- [ASSIGNED TASK] Within the entries below, please retype exactly the lines starting with the line that has "Exotic bird - African" and going on through the line that has "Blue Kush(bog)", but not the pictures.

━━━━━ DATA ━━━━━

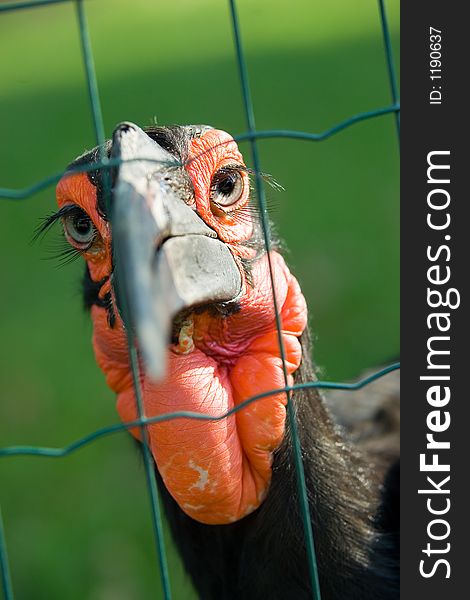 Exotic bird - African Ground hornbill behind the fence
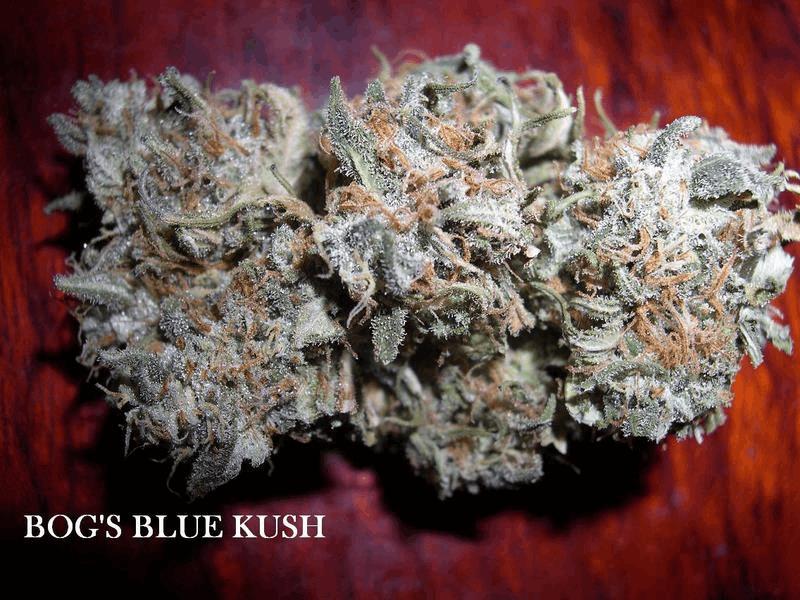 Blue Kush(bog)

━━━━━
━━━━━ DATA ━━━━━

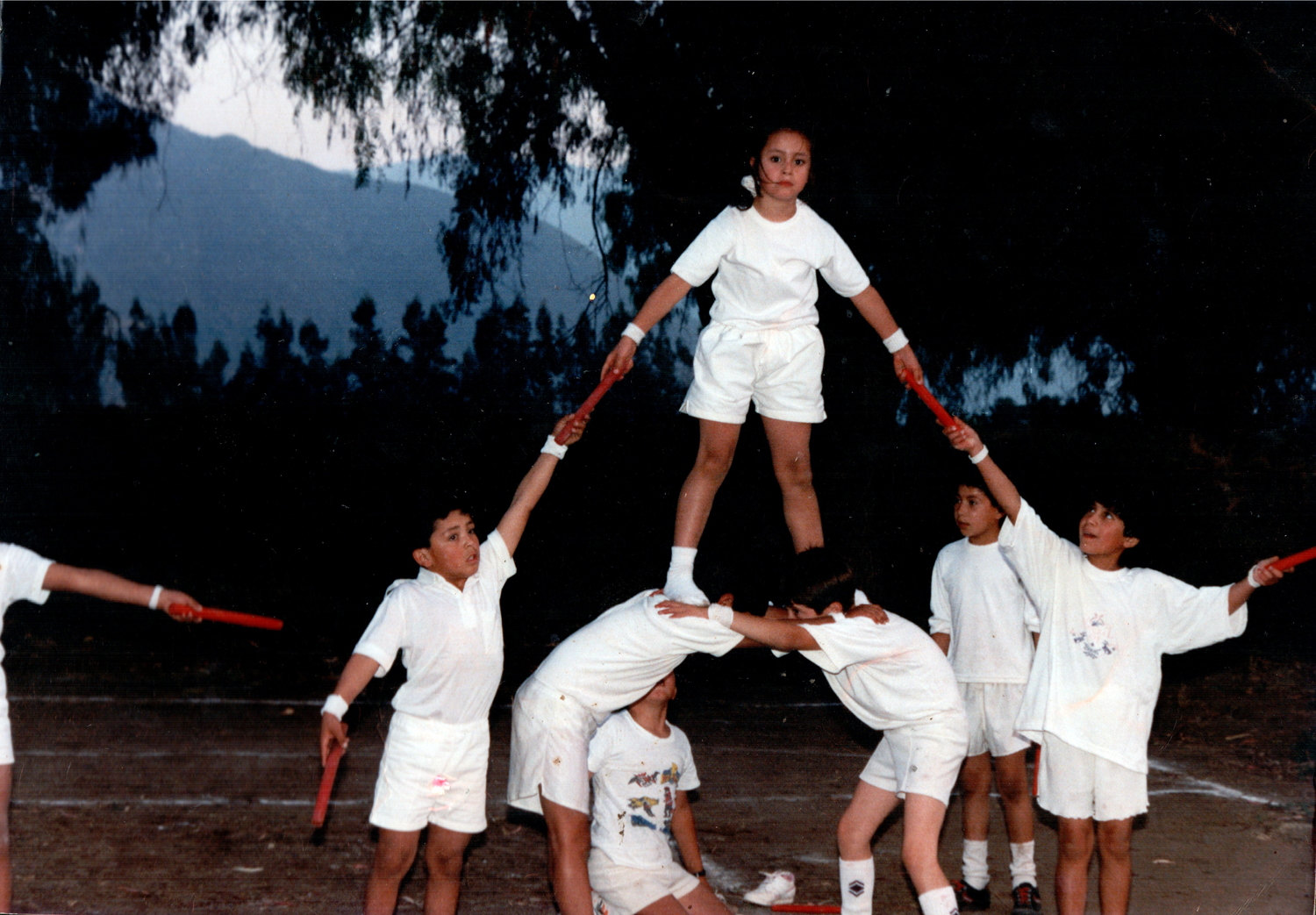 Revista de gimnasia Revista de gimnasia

━━━━━
━━━━━ DATA ━━━━━

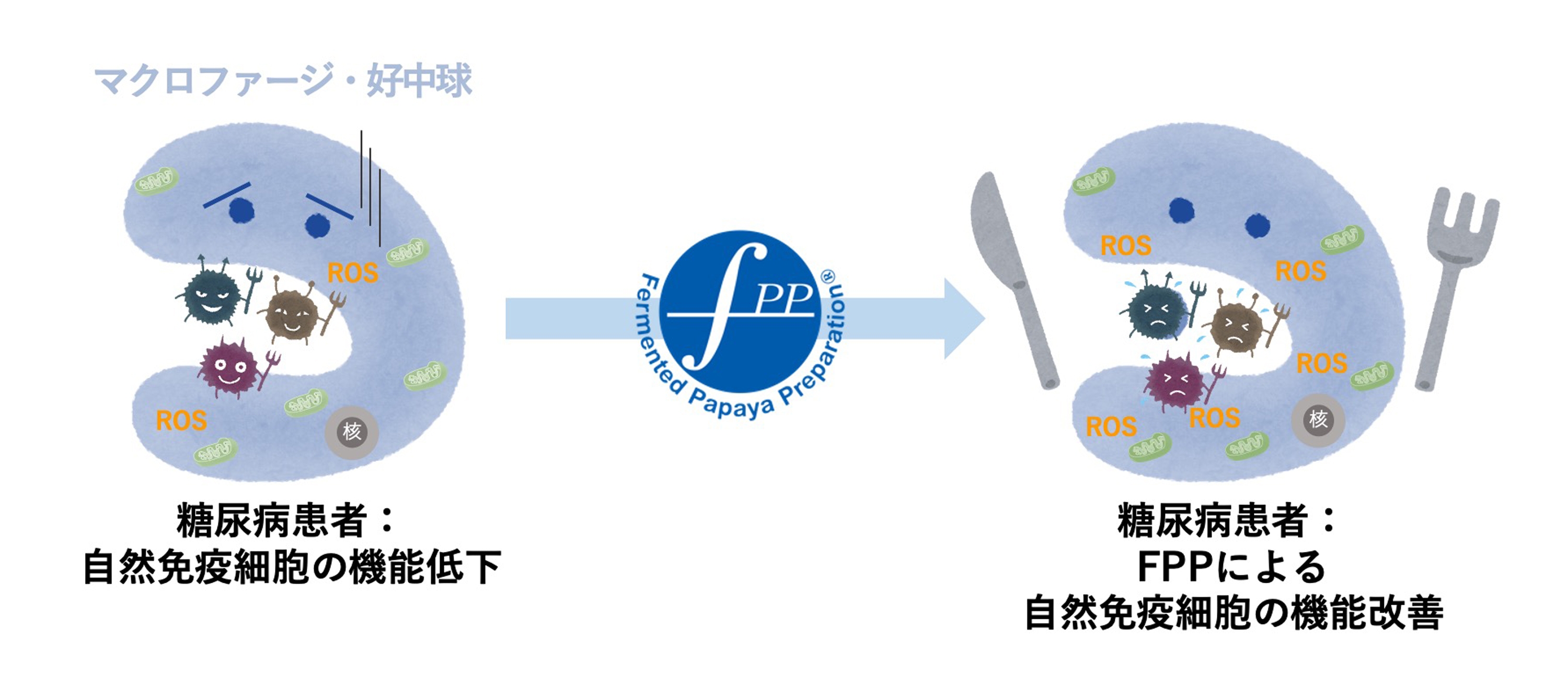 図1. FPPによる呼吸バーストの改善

━━━━━

- [TASK RESPONSE]
 Exotic bird - African Ground hornbill behind the fence
 Blue Kush(bog)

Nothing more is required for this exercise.